*** THE DATA ***
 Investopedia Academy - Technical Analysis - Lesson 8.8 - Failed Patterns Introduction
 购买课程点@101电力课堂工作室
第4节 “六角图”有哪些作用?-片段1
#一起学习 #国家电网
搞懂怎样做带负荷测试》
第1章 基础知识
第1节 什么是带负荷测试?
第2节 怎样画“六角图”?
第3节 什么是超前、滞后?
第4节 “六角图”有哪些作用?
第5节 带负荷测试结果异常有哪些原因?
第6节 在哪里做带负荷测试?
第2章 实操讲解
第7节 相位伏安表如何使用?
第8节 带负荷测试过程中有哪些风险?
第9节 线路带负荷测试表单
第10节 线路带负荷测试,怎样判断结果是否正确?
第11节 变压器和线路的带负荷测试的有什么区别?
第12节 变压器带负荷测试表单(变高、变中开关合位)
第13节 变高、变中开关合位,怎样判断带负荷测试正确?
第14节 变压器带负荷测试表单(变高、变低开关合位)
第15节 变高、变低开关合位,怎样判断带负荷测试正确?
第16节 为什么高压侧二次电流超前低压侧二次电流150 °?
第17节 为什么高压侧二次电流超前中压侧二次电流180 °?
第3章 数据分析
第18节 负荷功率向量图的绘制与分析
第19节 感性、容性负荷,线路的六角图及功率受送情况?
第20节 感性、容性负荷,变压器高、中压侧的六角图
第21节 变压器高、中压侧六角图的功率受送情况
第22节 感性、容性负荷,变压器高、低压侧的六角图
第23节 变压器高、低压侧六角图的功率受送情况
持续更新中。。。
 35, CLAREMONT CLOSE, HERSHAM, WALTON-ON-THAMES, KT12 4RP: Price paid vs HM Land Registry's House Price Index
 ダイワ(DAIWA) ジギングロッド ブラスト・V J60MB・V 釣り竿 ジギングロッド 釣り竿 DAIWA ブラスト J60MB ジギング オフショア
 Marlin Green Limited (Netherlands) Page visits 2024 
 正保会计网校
*** End of THE DATA ***
*** THE DATA ***
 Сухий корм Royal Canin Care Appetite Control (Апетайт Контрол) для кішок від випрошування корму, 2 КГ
*** End of THE DATA ***
== EXERCISE DETAILS ==
Using only the listing above, restate exactly the lines from the line containing "#一起学习 #国家电网" through the line containing "35, CLAREMONT CLOSE, HERSHAM, WALTON-ON-THAMES, KT12", both included.

== COMPLETED TASK ==
#一起学习 #国家电网
搞懂怎样做带负荷测试》
第1章 基础知识
第1节 什么是带负荷测试?
第2节 怎样画“六角图”?
第3节 什么是超前、滞后?
第4节 “六角图”有哪些作用?
第5节 带负荷测试结果异常有哪些原因?
第6节 在哪里做带负荷测试?
第2章 实操讲解
第7节 相位伏安表如何使用?
第8节 带负荷测试过程中有哪些风险?
第9节 线路带负荷测试表单
第10节 线路带负荷测试,怎样判断结果是否正确?
第11节 变压器和线路的带负荷测试的有什么区别?
第12节 变压器带负荷测试表单(变高、变中开关合位)
第13节 变高、变中开关合位,怎样判断带负荷测试正确?
第14节 变压器带负荷测试表单(变高、变低开关合位)
第15节 变高、变低开关合位,怎样判断带负荷测试正确?
第16节 为什么高压侧二次电流超前低压侧二次电流150 °?
第17节 为什么高压侧二次电流超前中压侧二次电流180 °?
第3章 数据分析
第18节 负荷功率向量图的绘制与分析
第19节 感性、容性负荷,线路的六角图及功率受送情况?
第20节 感性、容性负荷,变压器高、中压侧的六角图
第21节 变压器高、中压侧六角图的功率受送情况
第22节 感性、容性负荷,变压器高、低压侧的六角图
第23节 变压器高、低压侧六角图的功率受送情况
持续更新中。。。
 35, CLAREMONT CLOSE, HERSHAM, WALTON-ON-THAMES, KT12 4RP: Price paid vs HM Land Registry's House Price Index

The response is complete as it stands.